A total of 179 amendments were made on Committee and Report Stages, with 97 made on Committee Stage and 82 on Report Stage. The Bill passed the Dáil on 22 June. The Bill then came directly from the Dáil to the Seanad. It could not have come to the Seanad any earlier because we have a bicameral system. Legislation has to pass through one House before it comes to the other. There were no weasel words involved and there is no need for somebody I have respect for, namely, Senator McDowell, to use provocative or offensive language.
I am in the hands of the Seanad as to how it wishes to do its business. All I said was a simple statement of fact and the record of this House should be corrected if anyone is suggesting anything to the contrary. I did not seek the curtailment of this debate. I was available to continue this debate tomorrow and was available on Friday but I was told Seanad Éireann was not available.
That is generally how Committee Stage works. Amendment No. 1 is in the names of Senators Norris and Boyhan. I thank Senator Norris for his opening contribution which I will get to as we go through the various stages of the amendments.
The Senator will not be surprised that I am not in a position to accept this amendment because it proposes to remove section 1(2) of the Bill. That is the section which provides for the commencement of the Act by ministerial order with the exemption of certain sections relating to the incorporation of higher education institutions into technological universities. The Senator, as a very long-serving Member of the Oireachtas, knows that this is a standard provision in any piece of legislation. It is necessary to provide for the commencement of different sections of the Act and, therefore, removing it would prevent me from commencing various sections of the Act at various times. That may have been the Senators intention.
Victor Boyhan, Lynn Boylan, Gerard Craughwell, Eileen Flynn, Paul Gavan, Alice-Mary Higgins, Annie Hoey, Sharon Keogan, Michael McDowell, Rónán Mullen, David Norris, Niall Ó Donnghaile, Lynn Ruane, Marie Sherlock, Fintan Warfield.
Garret Ahearn, Catherine Ardagh, Niall Blaney, Jerry Buttimer, Malcolm Byrne, Micheál Carrigy, Lisa Chambers, Lorraine Clifford-Lee, Martin Conway, Ollie Crowe, John Cummins, Emer Currie, Paul Daly, Regina Doherty, Aisling Dolan, Mary Fitzpatrick, Seán Kyne, Tim Lombard, Vincent P Martin, John McGahon, Erin McGreehan, Eugene Murphy, Ned O'Sullivan, Barry Ward.
I move amendment No. 2:
In page 12, between lines 7 and 8, to insert the following: “ “academic member” means a member of An tÚdarás who, at the time of his appointment as such member, held an academic post;
“academic post” means a post in an institution of higher education (other than a post as chief officer) all or part of the duties of the holder of which is to teach any students of the institution or to carry out research;”.
I think the amendment should refer to "his or her appointment" rather than "his appointment." This is a matter of definition. It is perfectly obvious that academics are the people who know the situation from the inside so they are the best qualified people to hold this position.
I support this amendment from Senator Norris. It is very useful in that it is providing a definition in the Act of an academic member. It is important we be very clear there are academics who are manifestly part of an t-údarás, who are academics doing the work of academics - teaching or carrying out research - and who have held such posts at the time of their appointment.
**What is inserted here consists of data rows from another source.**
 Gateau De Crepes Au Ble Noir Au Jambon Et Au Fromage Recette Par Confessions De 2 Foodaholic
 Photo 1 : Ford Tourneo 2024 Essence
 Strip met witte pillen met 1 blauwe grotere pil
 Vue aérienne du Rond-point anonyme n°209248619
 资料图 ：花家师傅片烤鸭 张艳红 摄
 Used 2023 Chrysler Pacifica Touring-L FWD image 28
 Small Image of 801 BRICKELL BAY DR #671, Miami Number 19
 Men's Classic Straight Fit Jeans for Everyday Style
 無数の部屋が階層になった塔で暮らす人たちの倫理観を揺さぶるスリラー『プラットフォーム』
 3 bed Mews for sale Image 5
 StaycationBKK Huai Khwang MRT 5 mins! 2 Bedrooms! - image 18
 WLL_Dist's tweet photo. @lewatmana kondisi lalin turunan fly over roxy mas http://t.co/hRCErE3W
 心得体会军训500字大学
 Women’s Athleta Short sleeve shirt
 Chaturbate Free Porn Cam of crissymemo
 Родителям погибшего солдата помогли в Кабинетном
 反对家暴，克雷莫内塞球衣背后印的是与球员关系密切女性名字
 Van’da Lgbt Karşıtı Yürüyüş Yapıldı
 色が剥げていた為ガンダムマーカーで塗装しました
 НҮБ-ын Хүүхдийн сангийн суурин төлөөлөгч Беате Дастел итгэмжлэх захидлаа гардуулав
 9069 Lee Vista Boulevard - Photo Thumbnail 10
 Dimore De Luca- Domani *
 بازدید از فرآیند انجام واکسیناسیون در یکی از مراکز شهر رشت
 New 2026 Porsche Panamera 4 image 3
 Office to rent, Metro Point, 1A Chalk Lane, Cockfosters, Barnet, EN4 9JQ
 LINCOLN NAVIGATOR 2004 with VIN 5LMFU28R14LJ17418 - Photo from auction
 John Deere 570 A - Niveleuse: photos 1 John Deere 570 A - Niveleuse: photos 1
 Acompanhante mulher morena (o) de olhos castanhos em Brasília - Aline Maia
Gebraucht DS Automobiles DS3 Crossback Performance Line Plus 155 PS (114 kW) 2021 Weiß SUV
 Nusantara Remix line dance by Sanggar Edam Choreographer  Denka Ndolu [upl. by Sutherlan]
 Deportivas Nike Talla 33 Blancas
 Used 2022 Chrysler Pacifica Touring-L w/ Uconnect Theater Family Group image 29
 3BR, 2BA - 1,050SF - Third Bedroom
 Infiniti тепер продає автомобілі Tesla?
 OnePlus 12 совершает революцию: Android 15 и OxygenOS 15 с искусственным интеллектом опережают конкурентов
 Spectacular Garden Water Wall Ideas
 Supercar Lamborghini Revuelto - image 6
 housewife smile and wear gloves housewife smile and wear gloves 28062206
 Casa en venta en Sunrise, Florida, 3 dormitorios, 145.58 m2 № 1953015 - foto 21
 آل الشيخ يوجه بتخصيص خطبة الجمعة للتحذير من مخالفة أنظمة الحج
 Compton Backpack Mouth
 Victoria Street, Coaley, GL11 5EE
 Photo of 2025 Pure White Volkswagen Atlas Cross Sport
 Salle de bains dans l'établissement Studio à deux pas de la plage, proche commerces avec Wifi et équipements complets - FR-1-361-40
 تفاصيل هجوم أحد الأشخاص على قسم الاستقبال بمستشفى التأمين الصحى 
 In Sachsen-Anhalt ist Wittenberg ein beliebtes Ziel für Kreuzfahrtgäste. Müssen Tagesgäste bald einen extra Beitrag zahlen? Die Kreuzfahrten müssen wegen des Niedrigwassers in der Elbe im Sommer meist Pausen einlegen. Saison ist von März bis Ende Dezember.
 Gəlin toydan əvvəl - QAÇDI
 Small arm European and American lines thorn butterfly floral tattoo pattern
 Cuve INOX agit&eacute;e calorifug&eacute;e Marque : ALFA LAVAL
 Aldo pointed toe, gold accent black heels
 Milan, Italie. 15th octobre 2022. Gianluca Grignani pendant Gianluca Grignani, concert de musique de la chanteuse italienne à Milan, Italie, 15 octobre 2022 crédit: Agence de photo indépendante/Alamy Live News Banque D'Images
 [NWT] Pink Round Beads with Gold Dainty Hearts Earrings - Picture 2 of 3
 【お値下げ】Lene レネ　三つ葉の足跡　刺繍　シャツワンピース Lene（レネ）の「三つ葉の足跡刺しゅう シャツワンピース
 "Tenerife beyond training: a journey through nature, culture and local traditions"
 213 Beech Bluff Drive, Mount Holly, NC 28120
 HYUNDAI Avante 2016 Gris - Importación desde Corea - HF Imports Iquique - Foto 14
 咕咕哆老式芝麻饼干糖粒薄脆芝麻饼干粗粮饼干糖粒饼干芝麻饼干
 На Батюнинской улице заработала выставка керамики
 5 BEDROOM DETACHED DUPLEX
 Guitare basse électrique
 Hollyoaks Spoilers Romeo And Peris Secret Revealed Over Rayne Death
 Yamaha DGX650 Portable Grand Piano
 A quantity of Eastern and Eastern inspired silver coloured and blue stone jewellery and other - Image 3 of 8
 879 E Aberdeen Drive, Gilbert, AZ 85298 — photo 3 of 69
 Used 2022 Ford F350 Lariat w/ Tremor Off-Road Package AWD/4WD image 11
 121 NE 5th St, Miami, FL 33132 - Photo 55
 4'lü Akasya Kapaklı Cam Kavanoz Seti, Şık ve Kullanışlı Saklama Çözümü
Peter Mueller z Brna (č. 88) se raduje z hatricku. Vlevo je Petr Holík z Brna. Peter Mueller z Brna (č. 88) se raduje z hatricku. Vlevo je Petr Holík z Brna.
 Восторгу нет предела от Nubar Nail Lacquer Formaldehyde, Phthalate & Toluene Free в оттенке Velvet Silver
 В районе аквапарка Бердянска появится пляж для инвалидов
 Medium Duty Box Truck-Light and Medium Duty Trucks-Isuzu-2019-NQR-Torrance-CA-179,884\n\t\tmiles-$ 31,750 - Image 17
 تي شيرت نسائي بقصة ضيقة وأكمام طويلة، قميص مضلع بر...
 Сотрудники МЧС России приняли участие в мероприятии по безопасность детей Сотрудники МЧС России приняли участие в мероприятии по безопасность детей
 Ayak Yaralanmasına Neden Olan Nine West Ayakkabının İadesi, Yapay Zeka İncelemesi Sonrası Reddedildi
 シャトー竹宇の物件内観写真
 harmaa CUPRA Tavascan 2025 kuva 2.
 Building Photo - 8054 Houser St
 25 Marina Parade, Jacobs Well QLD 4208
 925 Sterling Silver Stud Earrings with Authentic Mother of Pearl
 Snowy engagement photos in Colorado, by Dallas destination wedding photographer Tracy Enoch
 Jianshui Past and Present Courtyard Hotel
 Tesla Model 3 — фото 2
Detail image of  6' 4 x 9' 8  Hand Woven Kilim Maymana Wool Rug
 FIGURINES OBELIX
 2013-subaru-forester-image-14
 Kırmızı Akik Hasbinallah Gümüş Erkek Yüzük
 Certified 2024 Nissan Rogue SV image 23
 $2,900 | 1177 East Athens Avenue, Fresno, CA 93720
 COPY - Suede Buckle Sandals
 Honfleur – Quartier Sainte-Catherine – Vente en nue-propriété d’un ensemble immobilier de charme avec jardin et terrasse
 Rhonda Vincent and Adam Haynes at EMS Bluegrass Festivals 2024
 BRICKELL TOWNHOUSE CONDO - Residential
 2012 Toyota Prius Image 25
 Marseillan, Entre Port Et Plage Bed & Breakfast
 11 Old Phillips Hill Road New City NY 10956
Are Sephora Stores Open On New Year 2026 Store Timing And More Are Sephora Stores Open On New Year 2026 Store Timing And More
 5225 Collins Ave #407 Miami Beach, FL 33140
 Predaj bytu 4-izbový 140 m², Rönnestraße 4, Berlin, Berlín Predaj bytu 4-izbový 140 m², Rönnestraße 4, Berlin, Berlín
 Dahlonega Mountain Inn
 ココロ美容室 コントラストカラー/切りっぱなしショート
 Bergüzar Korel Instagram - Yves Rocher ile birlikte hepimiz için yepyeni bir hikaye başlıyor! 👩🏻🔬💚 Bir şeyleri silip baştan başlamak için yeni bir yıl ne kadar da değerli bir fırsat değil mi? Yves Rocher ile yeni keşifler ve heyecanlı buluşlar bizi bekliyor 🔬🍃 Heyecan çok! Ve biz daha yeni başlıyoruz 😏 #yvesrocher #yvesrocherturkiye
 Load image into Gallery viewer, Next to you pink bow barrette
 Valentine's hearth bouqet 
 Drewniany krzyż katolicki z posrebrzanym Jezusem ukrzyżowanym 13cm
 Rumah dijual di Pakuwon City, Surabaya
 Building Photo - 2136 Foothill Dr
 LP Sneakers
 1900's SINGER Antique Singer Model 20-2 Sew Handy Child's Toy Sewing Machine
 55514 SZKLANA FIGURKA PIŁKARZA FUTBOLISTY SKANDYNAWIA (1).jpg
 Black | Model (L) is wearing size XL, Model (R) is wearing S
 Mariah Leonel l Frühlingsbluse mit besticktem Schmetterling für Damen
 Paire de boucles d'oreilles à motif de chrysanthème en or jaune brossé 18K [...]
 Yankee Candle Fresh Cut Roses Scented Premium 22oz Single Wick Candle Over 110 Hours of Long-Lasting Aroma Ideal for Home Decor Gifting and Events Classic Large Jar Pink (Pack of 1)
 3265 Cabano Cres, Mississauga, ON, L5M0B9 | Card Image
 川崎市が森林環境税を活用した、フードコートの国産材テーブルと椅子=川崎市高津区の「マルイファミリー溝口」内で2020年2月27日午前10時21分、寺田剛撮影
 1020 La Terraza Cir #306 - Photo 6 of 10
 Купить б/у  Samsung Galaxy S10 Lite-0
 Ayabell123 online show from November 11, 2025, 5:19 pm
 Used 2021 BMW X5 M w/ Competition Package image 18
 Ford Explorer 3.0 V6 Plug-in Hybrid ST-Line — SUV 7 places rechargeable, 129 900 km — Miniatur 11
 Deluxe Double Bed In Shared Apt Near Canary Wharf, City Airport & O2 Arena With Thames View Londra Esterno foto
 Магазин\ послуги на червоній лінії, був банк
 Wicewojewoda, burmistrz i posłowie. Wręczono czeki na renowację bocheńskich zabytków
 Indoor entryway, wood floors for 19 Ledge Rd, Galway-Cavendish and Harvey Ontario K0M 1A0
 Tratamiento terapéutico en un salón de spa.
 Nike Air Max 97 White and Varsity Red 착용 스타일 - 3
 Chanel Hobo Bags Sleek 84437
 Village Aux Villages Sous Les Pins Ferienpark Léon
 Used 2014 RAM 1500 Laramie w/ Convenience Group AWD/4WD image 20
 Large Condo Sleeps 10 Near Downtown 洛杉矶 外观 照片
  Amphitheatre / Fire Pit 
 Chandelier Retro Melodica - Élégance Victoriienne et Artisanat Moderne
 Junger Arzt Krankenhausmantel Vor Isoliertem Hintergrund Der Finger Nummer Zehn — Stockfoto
It is a useful clarification. We will come later to some of the further substantive amendments in respect of the constitution of the board and the level to which academics, students, staff and unions are properly represented either on the board of an t-údarás or on the boards of institutions of higher education. However, this definition is useful and makes all of our subsequent amendments much clearer. I commend the amendment.
I thank the Senators. As Senator Higgins rightly points out, this amendment needs to be seen in the context of more substantive amendments that come up later in the Bill in respect of the constitution and composition of the board of an t-údarás. I believe these new definitions are not necessary as it is not specified in respect of the membership of the board of an t-údarás whether a member is an academic member. The board is a competency-based board and the competencies required are set out in section 16(2)(a). It is not a requirement to hold an academic post to be a member of an t-údarás. I think that is probably an area where we have a disagreement that comes up later in the Bill. Considering we intend for the HEA board to be a competency-based board and not to define its membership as an academic or trade union member or the likes, I therefore do not see why I would define "academic member" in section 2.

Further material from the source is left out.